Sources of conflict?

Tradition?

  • conflict over ancient hatreds

Culture?

  • conflict over incompatible values

Sources of conflict?

Economy?

  • overlap between ethnicity/race and class produces conflict

Modernization?

  • competition over "goodies" of modernization

Why do "followers" follow?

Elites often benefit… but

Sources of conflict: Status

ranked societies: societies in which ethnic or racial categories overlap with class and imply a hierarchy of status, with some groups holding higher economic, political, and social status over others

unranked societies: societies in which ethnic or racial categories cross-cut class, implying a parallel or approximately equal status of the groups

Sources of conflict: Status

But even in unranked societies, groups make comparisons of which is "backward" or "advanced"

Groups with higher status fear loss of their position

Groups with lower status fear permanently being locked out

  • not "catching up"
  • or even worse "extinction"

Why does status matter?

Human psychology

Minimal Group Experiments:

  • Groups randomly assigned
  • Never meet in person
  • Anonymous games allocating money

What do people do?

  • discriminate against out-group
  • maximize inter-group difference, not in-group profit

Social Identity Theory

Assumptions

  1. people want positive self-esteem
  2. social groups/categories have positive/negative connotations that reflect on person's social identity
  3. group status based on favorable/unfavorable comparison with other groups

Social Identity Theory

Implications

  1. people want to increase or maintain positive social identity
  2. social identity based on positive comparison between in-group and relevant out-group
  3. Individuals will leave group or change their group to make identity more positive

Social Identity Theory

Strategies of improving status:

  1. Mobility (unavailable? in race/ethnicity)

  2. new dimension of comparison

  3. use of different evaluative rules

  4. change comparison-group

  5. direct competition

Which of these strategies lead to conflict?

Questions

Questions:

Is this need for status fundamental in all humans? Why/why not?
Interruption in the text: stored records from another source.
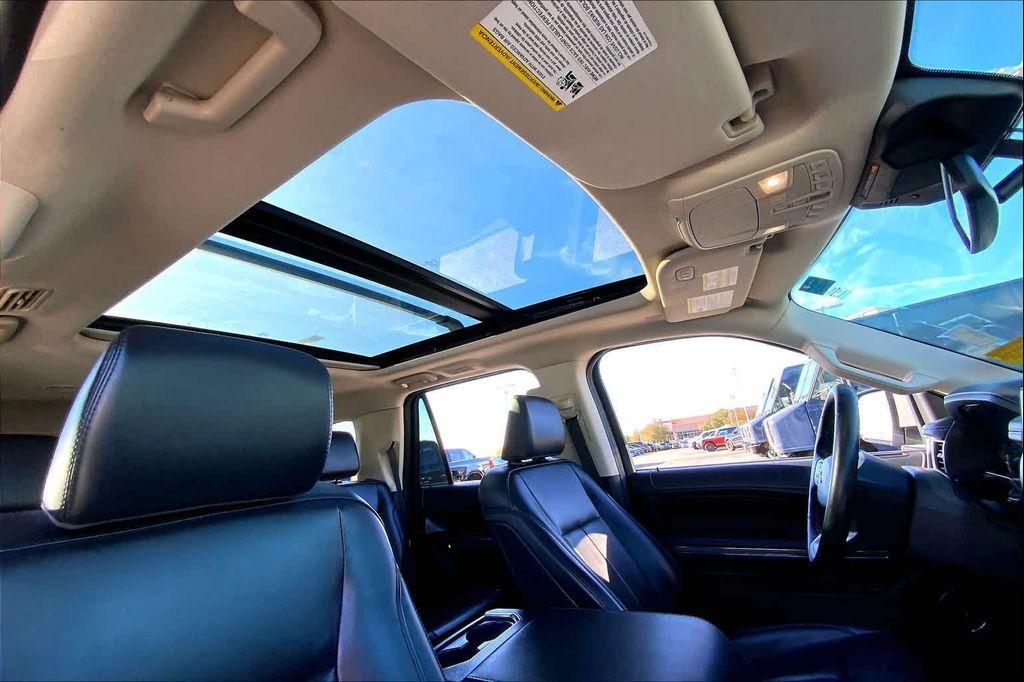 used 2022 Ford Expedition car, priced at $44,865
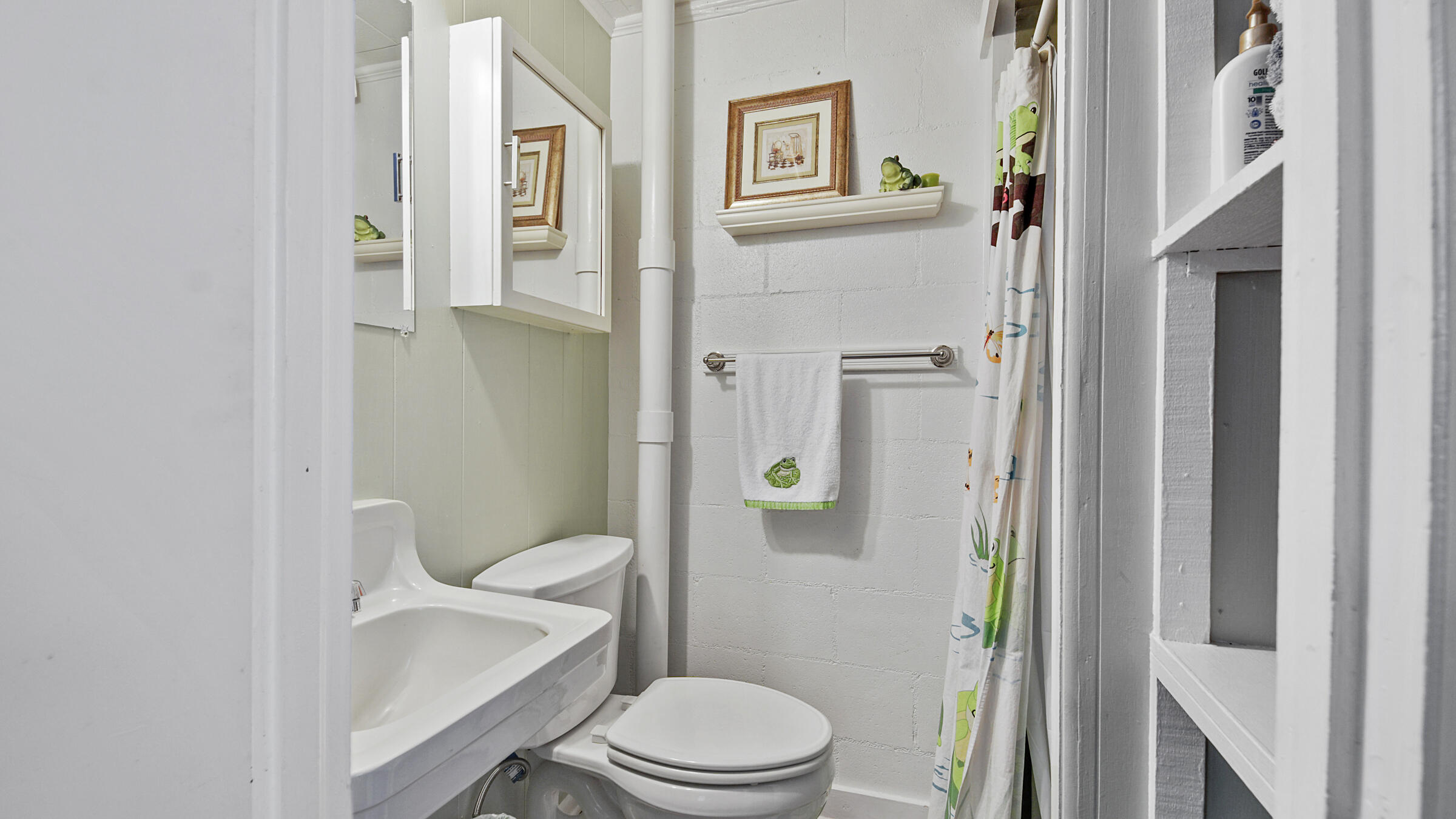 NO RECORDED SUBDIVISION - Residential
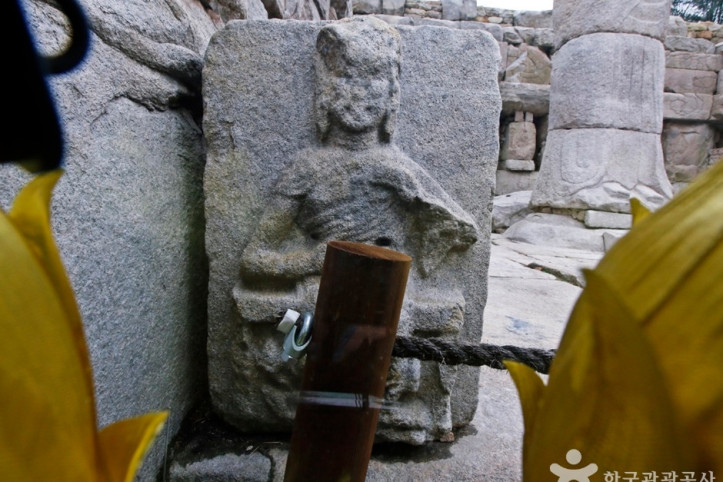 충주 미륵대원지 석조보살의좌상 여행 추천 - 메고지고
Are we doomed to racism/ethnocentrism? Why/why not?

Some questions about SIT:

As a theory, depends on cultural context:

  • Which are "relevant" groups for comparison?
  • What dimensions are groups compared on?
  • What value-rules do we use to assign status?
  • What kinds of comparisons are legitimate?

Reconsider:

ranked societies: are the value systems used to justify hierarchy of groups still legitimate?